Method: A 4-week double-blind, placebo-controlled trial in youths ages 5 to 17 years was conducted. Subjects met DSM-IV criteria for bipolar disorder and ADHD, were currently receiving a stable dose of at least one thymoleptic, and while euthymic continued to have clinically significant symptoms of ADHD. Patients received 1 week each of placebo, methylphenidate 5 mg twice daily, methylphenidate 10 mg twice daily, and methylphenidate 15 mg twice daily using a crossover design. Subjects were randomly assigned to receive one of six possible dosing orders. At study's end, and before the blind being broken, a "best dose week" for each subject was determined. The primary outcome measure was the total score on the parent-completed ADHD Rating Scale-IV.

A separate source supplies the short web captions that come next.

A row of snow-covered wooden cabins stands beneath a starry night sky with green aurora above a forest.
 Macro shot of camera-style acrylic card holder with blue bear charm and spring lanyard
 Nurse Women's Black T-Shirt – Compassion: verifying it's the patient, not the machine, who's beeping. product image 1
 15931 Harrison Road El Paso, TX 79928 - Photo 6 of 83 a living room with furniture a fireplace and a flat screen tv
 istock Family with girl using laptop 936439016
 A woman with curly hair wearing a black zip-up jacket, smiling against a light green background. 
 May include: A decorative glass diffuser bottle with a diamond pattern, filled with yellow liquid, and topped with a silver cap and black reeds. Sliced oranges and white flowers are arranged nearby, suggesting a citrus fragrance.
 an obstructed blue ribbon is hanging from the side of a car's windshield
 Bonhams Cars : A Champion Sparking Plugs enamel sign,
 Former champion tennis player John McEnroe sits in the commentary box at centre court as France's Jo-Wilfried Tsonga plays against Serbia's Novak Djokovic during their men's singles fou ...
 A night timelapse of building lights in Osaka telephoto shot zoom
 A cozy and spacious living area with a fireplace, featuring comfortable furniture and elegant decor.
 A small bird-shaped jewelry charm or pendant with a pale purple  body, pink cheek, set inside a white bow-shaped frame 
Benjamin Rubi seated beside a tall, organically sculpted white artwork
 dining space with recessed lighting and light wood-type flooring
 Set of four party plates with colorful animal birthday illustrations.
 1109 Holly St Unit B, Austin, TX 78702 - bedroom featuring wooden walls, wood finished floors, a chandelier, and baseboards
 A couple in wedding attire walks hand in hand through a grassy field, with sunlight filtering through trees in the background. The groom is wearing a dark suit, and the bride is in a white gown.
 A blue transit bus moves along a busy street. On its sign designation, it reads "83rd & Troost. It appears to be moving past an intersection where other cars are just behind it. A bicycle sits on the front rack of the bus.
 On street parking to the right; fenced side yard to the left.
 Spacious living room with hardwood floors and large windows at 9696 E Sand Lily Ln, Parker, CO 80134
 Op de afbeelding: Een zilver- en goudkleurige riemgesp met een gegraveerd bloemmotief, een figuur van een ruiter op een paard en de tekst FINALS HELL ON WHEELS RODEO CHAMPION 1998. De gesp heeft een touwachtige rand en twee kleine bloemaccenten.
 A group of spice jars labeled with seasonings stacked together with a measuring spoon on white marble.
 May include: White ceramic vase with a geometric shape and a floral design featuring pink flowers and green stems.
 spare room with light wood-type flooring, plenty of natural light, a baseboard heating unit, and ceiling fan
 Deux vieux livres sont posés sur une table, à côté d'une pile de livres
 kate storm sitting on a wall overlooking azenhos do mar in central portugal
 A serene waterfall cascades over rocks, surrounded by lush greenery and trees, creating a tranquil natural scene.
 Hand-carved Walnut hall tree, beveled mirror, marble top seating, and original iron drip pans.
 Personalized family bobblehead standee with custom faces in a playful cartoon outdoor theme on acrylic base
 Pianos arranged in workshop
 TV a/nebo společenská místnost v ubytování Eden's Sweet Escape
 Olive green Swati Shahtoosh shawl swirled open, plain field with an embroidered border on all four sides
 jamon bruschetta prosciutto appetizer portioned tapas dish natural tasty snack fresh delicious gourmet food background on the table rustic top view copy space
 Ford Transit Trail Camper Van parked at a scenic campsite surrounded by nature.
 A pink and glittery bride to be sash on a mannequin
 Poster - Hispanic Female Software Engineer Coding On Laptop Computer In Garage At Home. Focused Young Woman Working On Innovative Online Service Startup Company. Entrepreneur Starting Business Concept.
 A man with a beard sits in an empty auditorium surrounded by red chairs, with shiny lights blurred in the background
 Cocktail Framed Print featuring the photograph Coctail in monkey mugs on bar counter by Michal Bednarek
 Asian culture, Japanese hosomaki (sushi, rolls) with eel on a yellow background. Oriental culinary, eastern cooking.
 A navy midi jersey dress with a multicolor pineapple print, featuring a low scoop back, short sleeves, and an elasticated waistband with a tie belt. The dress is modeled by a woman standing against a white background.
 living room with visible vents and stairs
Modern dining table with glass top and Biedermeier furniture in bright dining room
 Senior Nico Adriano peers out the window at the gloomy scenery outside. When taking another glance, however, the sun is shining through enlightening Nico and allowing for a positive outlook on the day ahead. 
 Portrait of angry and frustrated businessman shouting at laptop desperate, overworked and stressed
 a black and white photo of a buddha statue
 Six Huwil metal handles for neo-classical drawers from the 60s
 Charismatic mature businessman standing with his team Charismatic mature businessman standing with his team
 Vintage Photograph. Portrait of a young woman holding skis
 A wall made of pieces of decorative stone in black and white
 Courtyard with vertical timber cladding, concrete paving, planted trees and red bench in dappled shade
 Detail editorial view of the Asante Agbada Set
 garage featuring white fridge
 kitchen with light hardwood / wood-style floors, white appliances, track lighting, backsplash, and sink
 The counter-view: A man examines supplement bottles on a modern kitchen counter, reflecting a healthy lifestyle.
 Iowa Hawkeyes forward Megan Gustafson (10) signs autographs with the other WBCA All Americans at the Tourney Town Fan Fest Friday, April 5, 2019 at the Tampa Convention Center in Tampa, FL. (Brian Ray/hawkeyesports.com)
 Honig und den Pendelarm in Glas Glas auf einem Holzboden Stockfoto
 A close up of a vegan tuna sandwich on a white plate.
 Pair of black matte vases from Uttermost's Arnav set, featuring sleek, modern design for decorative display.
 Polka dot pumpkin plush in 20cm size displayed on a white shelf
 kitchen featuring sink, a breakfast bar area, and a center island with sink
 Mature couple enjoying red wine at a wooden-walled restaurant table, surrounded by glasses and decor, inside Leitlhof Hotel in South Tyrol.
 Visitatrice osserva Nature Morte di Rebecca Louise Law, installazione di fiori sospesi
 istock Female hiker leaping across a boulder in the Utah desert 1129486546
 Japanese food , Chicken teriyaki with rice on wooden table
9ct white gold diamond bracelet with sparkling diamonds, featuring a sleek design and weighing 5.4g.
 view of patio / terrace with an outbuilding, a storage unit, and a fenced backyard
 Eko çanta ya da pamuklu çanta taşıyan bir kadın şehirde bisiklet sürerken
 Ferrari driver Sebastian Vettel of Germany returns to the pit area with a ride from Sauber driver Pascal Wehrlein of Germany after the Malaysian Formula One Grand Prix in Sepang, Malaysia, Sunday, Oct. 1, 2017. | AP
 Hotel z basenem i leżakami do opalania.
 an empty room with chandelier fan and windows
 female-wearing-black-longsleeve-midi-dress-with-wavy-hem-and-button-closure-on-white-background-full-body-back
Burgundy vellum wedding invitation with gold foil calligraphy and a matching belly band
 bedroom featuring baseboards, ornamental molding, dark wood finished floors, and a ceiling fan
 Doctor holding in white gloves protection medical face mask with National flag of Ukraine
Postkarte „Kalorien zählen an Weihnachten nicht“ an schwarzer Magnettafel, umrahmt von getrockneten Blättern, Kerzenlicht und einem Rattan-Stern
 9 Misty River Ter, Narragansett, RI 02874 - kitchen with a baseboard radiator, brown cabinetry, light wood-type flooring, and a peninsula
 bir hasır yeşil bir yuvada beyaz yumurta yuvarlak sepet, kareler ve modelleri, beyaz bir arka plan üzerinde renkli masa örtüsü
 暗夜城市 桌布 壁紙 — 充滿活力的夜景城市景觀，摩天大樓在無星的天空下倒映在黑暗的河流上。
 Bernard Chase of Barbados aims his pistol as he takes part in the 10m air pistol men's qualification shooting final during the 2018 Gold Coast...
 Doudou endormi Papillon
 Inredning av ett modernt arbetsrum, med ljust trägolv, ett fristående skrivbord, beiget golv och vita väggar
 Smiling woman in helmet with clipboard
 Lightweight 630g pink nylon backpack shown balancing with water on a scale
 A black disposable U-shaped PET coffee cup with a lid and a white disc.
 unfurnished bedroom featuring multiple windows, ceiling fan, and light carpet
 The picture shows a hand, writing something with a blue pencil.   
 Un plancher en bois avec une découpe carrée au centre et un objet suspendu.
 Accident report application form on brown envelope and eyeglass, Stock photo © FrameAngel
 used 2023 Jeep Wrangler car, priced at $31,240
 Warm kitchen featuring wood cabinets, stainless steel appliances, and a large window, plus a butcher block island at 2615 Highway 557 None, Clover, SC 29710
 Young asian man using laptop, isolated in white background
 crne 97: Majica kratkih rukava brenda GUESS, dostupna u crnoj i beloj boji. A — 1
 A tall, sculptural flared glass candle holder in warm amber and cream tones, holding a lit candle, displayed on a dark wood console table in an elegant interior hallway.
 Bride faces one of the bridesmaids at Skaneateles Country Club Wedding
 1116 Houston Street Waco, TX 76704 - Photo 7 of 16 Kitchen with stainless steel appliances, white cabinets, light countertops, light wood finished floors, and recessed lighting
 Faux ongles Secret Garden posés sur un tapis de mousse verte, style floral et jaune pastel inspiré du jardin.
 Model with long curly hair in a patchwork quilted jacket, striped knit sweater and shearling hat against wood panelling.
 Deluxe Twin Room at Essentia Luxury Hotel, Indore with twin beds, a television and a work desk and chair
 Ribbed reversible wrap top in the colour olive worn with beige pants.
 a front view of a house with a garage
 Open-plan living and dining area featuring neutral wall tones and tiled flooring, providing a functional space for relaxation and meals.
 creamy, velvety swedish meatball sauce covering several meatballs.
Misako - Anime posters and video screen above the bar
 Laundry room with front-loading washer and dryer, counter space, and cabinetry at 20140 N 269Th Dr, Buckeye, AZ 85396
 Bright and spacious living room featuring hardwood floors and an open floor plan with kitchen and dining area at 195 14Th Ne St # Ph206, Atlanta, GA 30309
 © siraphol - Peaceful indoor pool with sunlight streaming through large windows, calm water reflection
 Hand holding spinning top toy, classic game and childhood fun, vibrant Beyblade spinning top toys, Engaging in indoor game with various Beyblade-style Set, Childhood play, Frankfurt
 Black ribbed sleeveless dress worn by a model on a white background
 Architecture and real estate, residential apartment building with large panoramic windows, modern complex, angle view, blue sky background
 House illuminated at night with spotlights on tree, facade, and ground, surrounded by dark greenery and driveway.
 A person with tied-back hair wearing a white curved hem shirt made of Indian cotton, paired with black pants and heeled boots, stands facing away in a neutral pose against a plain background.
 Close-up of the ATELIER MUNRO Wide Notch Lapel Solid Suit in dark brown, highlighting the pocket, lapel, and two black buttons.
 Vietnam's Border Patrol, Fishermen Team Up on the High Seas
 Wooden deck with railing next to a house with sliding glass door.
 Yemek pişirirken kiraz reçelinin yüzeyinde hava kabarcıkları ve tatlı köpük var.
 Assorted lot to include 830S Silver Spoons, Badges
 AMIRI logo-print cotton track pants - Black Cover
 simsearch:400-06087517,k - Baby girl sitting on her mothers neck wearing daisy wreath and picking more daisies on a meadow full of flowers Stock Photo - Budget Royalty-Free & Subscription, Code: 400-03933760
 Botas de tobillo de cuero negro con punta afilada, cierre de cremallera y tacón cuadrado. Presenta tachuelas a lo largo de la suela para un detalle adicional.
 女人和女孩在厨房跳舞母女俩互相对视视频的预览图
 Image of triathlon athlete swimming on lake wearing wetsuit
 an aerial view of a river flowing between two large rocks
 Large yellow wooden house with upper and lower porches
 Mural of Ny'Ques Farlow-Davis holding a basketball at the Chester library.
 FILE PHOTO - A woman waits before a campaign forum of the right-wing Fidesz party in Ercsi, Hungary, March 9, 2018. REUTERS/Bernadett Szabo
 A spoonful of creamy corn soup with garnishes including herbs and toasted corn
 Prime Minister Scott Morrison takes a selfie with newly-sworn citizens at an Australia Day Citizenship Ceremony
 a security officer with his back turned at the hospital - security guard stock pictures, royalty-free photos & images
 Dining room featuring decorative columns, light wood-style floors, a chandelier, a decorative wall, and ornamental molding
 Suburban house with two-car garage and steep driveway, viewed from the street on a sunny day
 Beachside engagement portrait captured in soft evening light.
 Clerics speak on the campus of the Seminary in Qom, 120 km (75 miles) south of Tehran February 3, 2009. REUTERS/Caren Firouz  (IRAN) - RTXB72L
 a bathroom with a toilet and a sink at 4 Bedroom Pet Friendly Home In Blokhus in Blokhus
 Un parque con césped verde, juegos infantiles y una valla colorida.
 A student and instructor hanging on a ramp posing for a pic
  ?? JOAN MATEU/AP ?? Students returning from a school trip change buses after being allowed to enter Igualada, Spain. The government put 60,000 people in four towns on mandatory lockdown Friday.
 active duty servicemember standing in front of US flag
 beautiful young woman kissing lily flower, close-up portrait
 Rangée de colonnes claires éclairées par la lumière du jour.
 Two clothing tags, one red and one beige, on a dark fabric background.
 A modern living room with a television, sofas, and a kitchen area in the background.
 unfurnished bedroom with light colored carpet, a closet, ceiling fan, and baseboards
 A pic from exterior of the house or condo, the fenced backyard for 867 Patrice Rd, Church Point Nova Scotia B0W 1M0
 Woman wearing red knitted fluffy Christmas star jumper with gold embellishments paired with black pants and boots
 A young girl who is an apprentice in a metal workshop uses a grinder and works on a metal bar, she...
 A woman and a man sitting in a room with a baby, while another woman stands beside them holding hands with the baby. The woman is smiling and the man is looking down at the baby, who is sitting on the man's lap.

Results: Sixteen patients, with a mean age of 10.43 (SD 3.14) years completed the trial. Lower scores during best dose treatment compared to the week of placebo treatment were found on the ADHD Rating Scale-IV (p < .05), suggesting a therapeutic benefit. A large effect size (Cohen's d = 0.90) was found for methylphenidate. Treatment was generally well tolerated.
Conclusions: Euthymic youths with bipolar disorder and ADHD may benefit from short-term concomitant treatment with methylphenidate.